Dziennik, 15 października
Wysiadłem z autobusu z ciężkim sercem i jeszcze cięższym kufrem. Gnieciony na twardym siedzeniu przez pięć godzin, teraz ledwo czułem nogi. Pasażerowie rozchodzili się pośpiesznie, tylko ja zostałem na pętli, wciągając wilgotne, jesienne powietrze. Nie czekał na mnie nikt. Byłem sam.
Stara przyjaciółka z ławy szkolnej, Danuta, od miesięcy namawiała mnie na wyjazd. Spędziliśmy tydzień w jej drewnianej chacie pod Białymstokiem – cisza, las i długie rozmowy przy herbacie. Ale pod koniec zatęskniłem za własnym łóżkiem, za kubkiem z popękanym uchem i za tym charakterystycznym skrzypieniem parkietu w przedpokoju.
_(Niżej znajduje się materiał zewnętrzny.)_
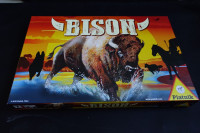 Nerabljena družabna igra BISON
Żona odeszła siedem lat temu. Na początku byłem jak dziecko we mgle. Potem przywykłem. Syn wyjechał do Krakowa – dzwoni raz na miesiąc. Samotność stała się jak ten stary sweter, który noszę od święta – niby niepotrzebny, a jednak ciepły.
– Panie, to pański? – kierowca wskazał na mój waliz, samotnie stojący przy kołowrotku.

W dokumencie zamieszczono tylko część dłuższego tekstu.